**WORK REQUIRED:** After finding "సిబల్ డిమాండ్ Kapil" in the material below, output its line and every line after it through the last, exactly, but not the pictures.

**DATA:**
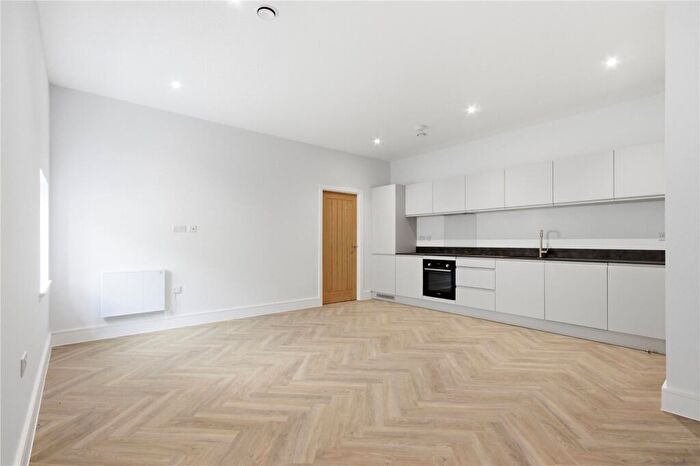 2 Bedroom Apartment To Rent In Brunswick Park Road, London, N11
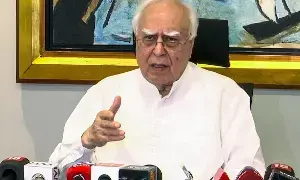 Kapil Sibal: బీజేపీ గెలుపు కోసమే ఎస్ఐఆర్.. భారీ ఓటర్ల తొలగింపులు ఆపాలని సుప్రీంకోర్టులో కపిల్ సిబల్ డిమాండ్ Kapil Sibal: బీజేపీ గెలుపు కోసమే ఎస్ఐఆర్.. భారీ ఓటర్ల తొలగింపులు ఆపాలని సుప్రీంకోర్టులో కపిల్ సిబల్ డిమాండ్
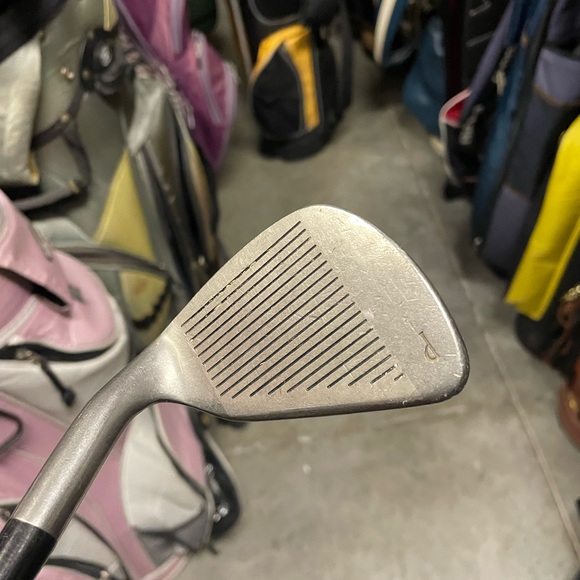 Mizuno pitching Wedge In Right Handed - Picture 1 of 6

**WORKED SOLUTION:**
 Kapil Sibal: బీజేపీ గెలుపు కోసమే ఎస్ఐఆర్.. భారీ ఓటర్ల తొలగింపులు ఆపాలని సుప్రీంకోర్టులో కపిల్ సిబల్ డిమాండ్ Kapil Sibal: బీజేపీ గెలుపు కోసమే ఎస్ఐఆర్.. భారీ ఓటర్ల తొలగింపులు ఆపాలని సుప్రీంకోర్టులో కపిల్ సిబల్ డిమాండ్
 Mizuno pitching Wedge In Right Handed - Picture 1 of 6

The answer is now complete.